● **Data items**
··········
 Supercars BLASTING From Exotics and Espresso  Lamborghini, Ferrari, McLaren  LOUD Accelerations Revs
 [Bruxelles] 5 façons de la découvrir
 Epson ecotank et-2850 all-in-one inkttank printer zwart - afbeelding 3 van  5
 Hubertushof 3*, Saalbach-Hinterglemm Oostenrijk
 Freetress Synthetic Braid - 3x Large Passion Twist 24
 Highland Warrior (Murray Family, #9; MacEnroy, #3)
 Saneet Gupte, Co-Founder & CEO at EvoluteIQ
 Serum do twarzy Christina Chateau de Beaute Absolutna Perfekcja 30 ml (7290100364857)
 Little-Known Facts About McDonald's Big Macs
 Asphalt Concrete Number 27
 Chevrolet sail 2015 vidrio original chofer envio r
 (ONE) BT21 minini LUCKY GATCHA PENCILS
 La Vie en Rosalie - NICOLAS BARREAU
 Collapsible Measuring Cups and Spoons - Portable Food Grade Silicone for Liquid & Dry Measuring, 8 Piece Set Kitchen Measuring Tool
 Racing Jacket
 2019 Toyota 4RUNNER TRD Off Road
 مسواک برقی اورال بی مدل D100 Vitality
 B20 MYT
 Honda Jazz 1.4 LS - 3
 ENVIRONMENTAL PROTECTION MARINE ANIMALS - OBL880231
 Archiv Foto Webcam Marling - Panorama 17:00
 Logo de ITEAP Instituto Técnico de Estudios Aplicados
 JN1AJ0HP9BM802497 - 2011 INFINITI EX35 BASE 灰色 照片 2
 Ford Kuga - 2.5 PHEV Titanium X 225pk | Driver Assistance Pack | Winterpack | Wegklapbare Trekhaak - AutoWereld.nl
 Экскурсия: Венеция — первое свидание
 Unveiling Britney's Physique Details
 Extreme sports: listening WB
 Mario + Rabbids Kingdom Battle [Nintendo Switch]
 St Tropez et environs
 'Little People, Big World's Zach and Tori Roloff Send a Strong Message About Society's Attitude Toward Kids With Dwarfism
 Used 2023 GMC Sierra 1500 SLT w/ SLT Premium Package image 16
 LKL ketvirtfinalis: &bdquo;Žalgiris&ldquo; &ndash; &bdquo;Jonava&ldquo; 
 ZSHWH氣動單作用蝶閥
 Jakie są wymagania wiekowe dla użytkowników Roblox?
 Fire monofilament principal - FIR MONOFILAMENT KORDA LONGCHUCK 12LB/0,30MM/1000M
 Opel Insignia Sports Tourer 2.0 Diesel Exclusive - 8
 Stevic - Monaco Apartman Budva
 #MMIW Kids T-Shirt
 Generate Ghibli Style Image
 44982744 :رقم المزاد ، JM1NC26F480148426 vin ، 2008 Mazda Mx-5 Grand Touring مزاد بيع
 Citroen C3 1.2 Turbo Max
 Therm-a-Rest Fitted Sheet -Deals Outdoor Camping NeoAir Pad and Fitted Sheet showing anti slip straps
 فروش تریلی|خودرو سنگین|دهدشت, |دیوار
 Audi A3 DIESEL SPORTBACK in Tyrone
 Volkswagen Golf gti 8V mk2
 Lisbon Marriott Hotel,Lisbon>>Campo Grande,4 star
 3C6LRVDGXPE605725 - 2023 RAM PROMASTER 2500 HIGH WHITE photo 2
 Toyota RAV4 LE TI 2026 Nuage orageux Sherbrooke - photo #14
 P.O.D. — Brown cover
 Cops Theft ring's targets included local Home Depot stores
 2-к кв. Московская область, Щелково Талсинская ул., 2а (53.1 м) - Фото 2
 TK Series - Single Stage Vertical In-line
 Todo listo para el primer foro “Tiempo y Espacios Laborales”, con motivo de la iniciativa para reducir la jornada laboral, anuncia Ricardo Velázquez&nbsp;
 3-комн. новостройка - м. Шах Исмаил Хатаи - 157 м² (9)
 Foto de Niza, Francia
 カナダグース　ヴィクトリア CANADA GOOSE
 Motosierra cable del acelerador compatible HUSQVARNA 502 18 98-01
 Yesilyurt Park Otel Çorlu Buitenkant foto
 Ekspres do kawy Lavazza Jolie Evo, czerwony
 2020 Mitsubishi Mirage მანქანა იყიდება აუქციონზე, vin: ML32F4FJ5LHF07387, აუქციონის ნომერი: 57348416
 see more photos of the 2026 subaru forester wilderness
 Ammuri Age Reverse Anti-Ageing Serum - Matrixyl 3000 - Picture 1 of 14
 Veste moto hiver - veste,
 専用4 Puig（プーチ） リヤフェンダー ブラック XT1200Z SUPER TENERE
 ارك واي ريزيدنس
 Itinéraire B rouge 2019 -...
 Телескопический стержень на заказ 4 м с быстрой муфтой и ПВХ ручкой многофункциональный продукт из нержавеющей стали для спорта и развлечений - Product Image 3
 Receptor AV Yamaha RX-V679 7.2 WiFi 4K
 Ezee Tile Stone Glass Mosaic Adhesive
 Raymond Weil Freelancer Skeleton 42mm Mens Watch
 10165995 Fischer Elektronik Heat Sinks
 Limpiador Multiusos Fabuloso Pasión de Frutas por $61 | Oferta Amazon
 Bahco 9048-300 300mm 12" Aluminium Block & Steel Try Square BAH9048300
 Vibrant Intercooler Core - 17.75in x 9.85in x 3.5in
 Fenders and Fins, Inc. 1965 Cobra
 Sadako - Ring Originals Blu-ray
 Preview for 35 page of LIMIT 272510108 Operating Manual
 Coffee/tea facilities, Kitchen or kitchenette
··········
● **THE TASK**
Make an exact copy of every entry.

● **RESPONSE TO THIS EXERCISE**
 Supercars BLASTING From Exotics and Espresso  Lamborghini, Ferrari, McLaren  LOUD Accelerations Revs
 [Bruxelles] 5 façons de la découvrir
 Epson ecotank et-2850 all-in-one inkttank printer zwart - afbeelding 3 van  5
 Hubertushof 3*, Saalbach-Hinterglemm Oostenrijk
 Freetress Synthetic Braid - 3x Large Passion Twist 24
 Highland Warrior (Murray Family, #9; MacEnroy, #3)
 Saneet Gupte, Co-Founder & CEO at EvoluteIQ
 Serum do twarzy Christina Chateau de Beaute Absolutna Perfekcja 30 ml (7290100364857)
 Little-Known Facts About McDonald's Big Macs
 Asphalt Concrete Number 27
 Chevrolet sail 2015 vidrio original chofer envio r
 (ONE) BT21 minini LUCKY GATCHA PENCILS
 La Vie en Rosalie - NICOLAS BARREAU
 Collapsible Measuring Cups and Spoons - Portable Food Grade Silicone for Liquid & Dry Measuring, 8 Piece Set Kitchen Measuring Tool
 Racing Jacket
 2019 Toyota 4RUNNER TRD Off Road
 مسواک برقی اورال بی مدل D100 Vitality
 B20 MYT
 Honda Jazz 1.4 LS - 3
 ENVIRONMENTAL PROTECTION MARINE ANIMALS - OBL880231
 Archiv Foto Webcam Marling - Panorama 17:00
 Logo de ITEAP Instituto Técnico de Estudios Aplicados
 JN1AJ0HP9BM802497 - 2011 INFINITI EX35 BASE 灰色 照片 2
 Ford Kuga - 2.5 PHEV Titanium X 225pk | Driver Assistance Pack | Winterpack | Wegklapbare Trekhaak - AutoWereld.nl
 Экскурсия: Венеция — первое свидание
 Unveiling Britney's Physique Details
 Extreme sports: listening WB
 Mario + Rabbids Kingdom Battle [Nintendo Switch]
 St Tropez et environs
 'Little People, Big World's Zach and Tori Roloff Send a Strong Message About Society's Attitude Toward Kids With Dwarfism
 Used 2023 GMC Sierra 1500 SLT w/ SLT Premium Package image 16
 LKL ketvirtfinalis: &bdquo;Žalgiris&ldquo; &ndash; &bdquo;Jonava&ldquo; 
 ZSHWH氣動單作用蝶閥
 Jakie są wymagania wiekowe dla użytkowników Roblox?
 Fire monofilament principal - FIR MONOFILAMENT KORDA LONGCHUCK 12LB/0,30MM/1000M
 Opel Insignia Sports Tourer 2.0 Diesel Exclusive - 8
 Stevic - Monaco Apartman Budva
 #MMIW Kids T-Shirt
 Generate Ghibli Style Image
 44982744 :رقم المزاد ، JM1NC26F480148426 vin ، 2008 Mazda Mx-5 Grand Touring مزاد بيع
 Citroen C3 1.2 Turbo Max
 Therm-a-Rest Fitted Sheet -Deals Outdoor Camping NeoAir Pad and Fitted Sheet showing anti slip straps
 فروش تریلی|خودرو سنگین|دهدشت, |دیوار
 Audi A3 DIESEL SPORTBACK in Tyrone
 Volkswagen Golf gti 8V mk2
 Lisbon Marriott Hotel,Lisbon>>Campo Grande,4 star
 3C6LRVDGXPE605725 - 2023 RAM PROMASTER 2500 HIGH WHITE photo 2
 Toyota RAV4 LE TI 2026 Nuage orageux Sherbrooke - photo #14
 P.O.D. — Brown cover
 Cops Theft ring's targets included local Home Depot stores
 2-к кв. Московская область, Щелково Талсинская ул., 2а (53.1 м) - Фото 2
 TK Series - Single Stage Vertical In-line
 Todo listo para el primer foro “Tiempo y Espacios Laborales”, con motivo de la iniciativa para reducir la jornada laboral, anuncia Ricardo Velázquez&nbsp;
 3-комн. новостройка - м. Шах Исмаил Хатаи - 157 м² (9)
 Foto de Niza, Francia
 カナダグース　ヴィクトリア CANADA GOOSE
 Motosierra cable del acelerador compatible HUSQVARNA 502 18 98-01
 Yesilyurt Park Otel Çorlu Buitenkant foto
 Ekspres do kawy Lavazza Jolie Evo, czerwony
 2020 Mitsubishi Mirage მანქანა იყიდება აუქციონზე, vin: ML32F4FJ5LHF07387, აუქციონის ნომერი: 57348416
 see more photos of the 2026 subaru forester wilderness
 Ammuri Age Reverse Anti-Ageing Serum - Matrixyl 3000 - Picture 1 of 14
 Veste moto hiver - veste,
 専用4 Puig（プーチ） リヤフェンダー ブラック XT1200Z SUPER TENERE
 ارك واي ريزيدنس
 Itinéraire B rouge 2019 -...
 Телескопический стержень на заказ 4 м с быстрой муфтой и ПВХ ручкой многофункциональный продукт из нержавеющей стали для спорта и развлечений - Product Image 3
 Receptor AV Yamaha RX-V679 7.2 WiFi 4K
 Ezee Tile Stone Glass Mosaic Adhesive
 Raymond Weil Freelancer Skeleton 42mm Mens Watch
 10165995 Fischer Elektronik Heat Sinks
 Limpiador Multiusos Fabuloso Pasión de Frutas por $61 | Oferta Amazon
 Bahco 9048-300 300mm 12" Aluminium Block & Steel Try Square BAH9048300
 Vibrant Intercooler Core - 17.75in x 9.85in x 3.5in
 Fenders and Fins, Inc. 1965 Cobra
 Sadako - Ring Originals Blu-ray
 Preview for 35 page of LIMIT 272510108 Operating Manual
 Coffee/tea facilities, Kitchen or kitchenette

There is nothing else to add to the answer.